For example, the owner of a building in an unsafe area hires a security firm to patrol the building at night, but soon finds out that supplies are disappearing on a regular basis. As a result, he replaces that firm with one that has a track record of excellence. However, under AB 350, all of the security guards, including those who had been sleeping on the job and possibly even participating in the thefts, will have to remain on duty.
It’s sponsored by Assemblyman Jose Solorio, a Democrat from Anaheim, who argued that it provides security and stability for workers who otherwise might lose their job with little or no warning while retaining flexibility for employers.
The problem is that by protecting the employees who work for the fired contractor, Solorio’s bill discriminates against the employees who have been working for or would like to work for the replacement contractor. They are forced to wait 90 days and hope that one or more of the retained employees gets a bad performance review.

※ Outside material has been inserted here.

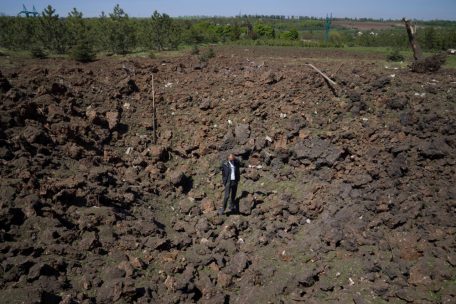 Ein Mann steht am 7. Mai im Krater einer Explosion nach einem russischen Luftangriff in&nbsp;Bachmut in der Oblast Donezk in der Ostukraine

And where is the flexibility for the new service contractor who is not allowed to determine who works for him and must hire people he doesn’t know? Without knowing the cost of those employees, how can a contractor bid on a service contract without risking losing money? And why should a building owner, who wants to replace a poorly performing contractor, be stuck with those poorly performing employees for three more months or longer?
If AB 350 reaches Gov. Jerry Brown’s desk, we hope he will veto it as he did the United Farm Workers’ attempt to end secret union elections and the attempt to give public employee unions control over the commissions that oversee public employees.